A few years ago, several students in Oxford grew frustrated by the inaction and lack of passion for justice that they saw around them – in light of the injustice they’d seen in the world, and the passion for justice they saw in the God of the Bible, this wasn’t good enough. So, Just Love was born, with a vision to inspire and release every Christian student to pursue the biblical call to social justice. We want every Christian student to be committed to social justice and doing something about it. In 2014 the movement grew beyond Oxford, and now students who share this vision are running Just Love groups in more than 10 cities around the country.
With much of our work being run by students who are also doing degrees, how can we be effective? Well, we can be effective in the short term – with high quality training, resourcing and support from staff, combined with the right partnerships with other charities and churches, we can release the talent and enthusiasm of students to achieve good output levels. In 2015 Just Love groups ran nearly 400 events, gave over 3000 volunteer hours in local communities, and raised over £12,000 for other charities. The focus of this has ranged from city to city – from BBQs for homeless people in Oxford and visits to elderly care homes in Bath, to eating just rice and beans for a week to raise money for Tearfund. Just Love Durham collected donations of 118,000 boxes of sanitary items for charities working with vulnerable women in the north-east and across Europe!
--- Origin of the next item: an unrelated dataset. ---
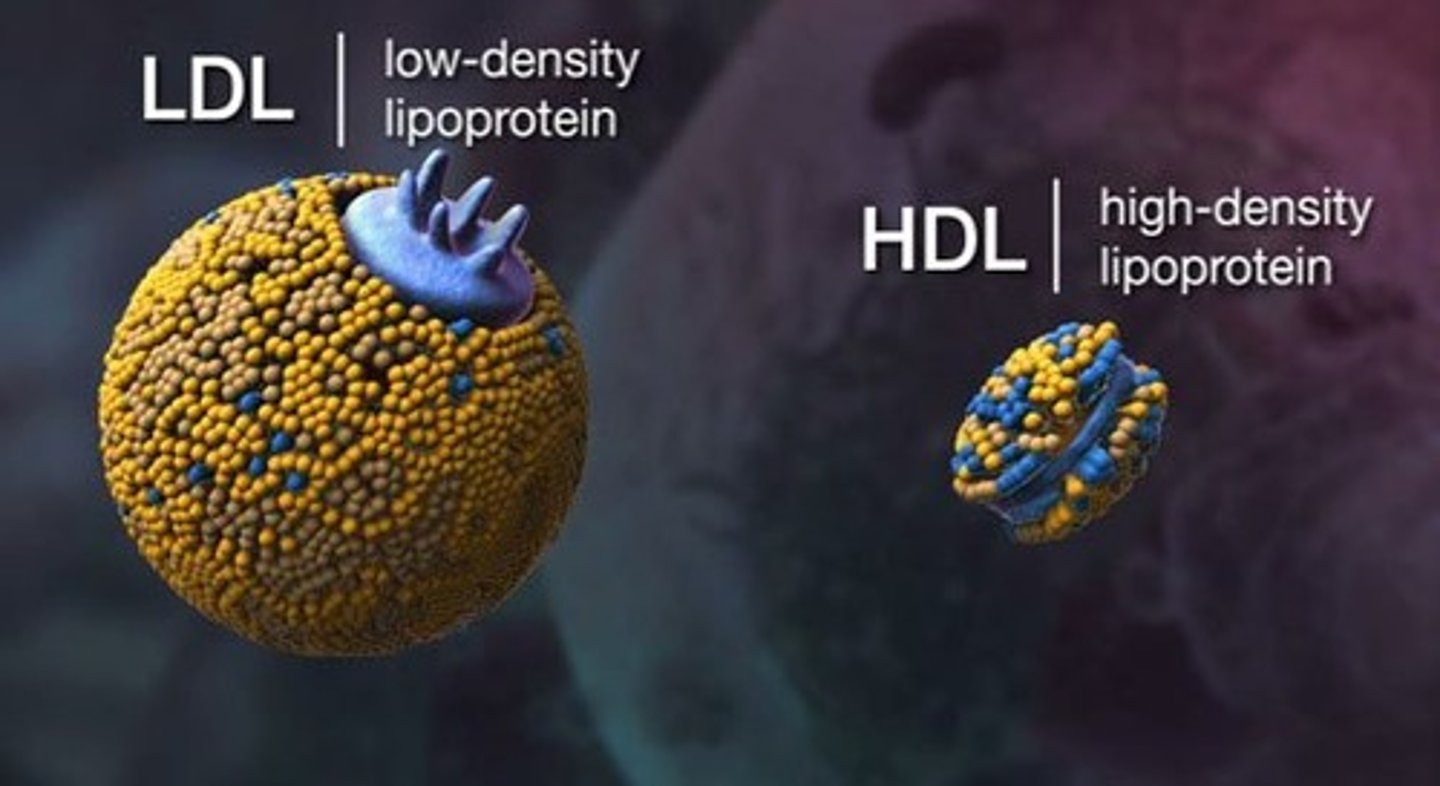 <p>(D) None of the above statements are false.</p><p>Each of the following statements is true:</p><p>(A) LDL and HDL are both mainly composed of cholesterol.</p><p>(B) HDL is associated with apolipoproteins that will recover excess cholesterol from the blood vessels.</p><p>(C) LDL is associated with most of the cholesterol measured in the blood, and delivers cholesterol to cells.</p>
Having said that, it’s the long term where we think Just Love’s effectiveness really kicks in. We want to send people out of university with a lifelong passion for justice – and we believe that our graduates will be leaders and innovators in the charity sector, people who bring integrity and change to politics, generosity and social responsibility to business, who lead in the Church, the media – and all spheres of society. Not only that, but think of all the ethical consumer choices they’ll make, the projects they’ll volunteer for, and the amount they’ll give away – this year around 100 students graduated from Just Love groups – if we have encouraged each of them to be more generous to the extent that they’ll give away 1% more of their income – assuming an average annual income of £25,000, they’ll give away an extra £1 million during their lifetimes. Investing in this generation will really pay off.
We want Christian students to leave university feeling passionate about social justice, and equipped to engage with it – and seeing individuals journey towards that has been my favourite thing about working for Just Love. It has brought me great joy to see people who previously had thought very little about social justice, now call it a fundamental passion and commit to a lifelong pursuit of it. It has brought me great joy to see people who initially had little confidence in themselves, grow into inspiring leaders. I have met so many individuals with such remarkable potential – and I can’t wait to see where they end up in ten, twenty or thirty years.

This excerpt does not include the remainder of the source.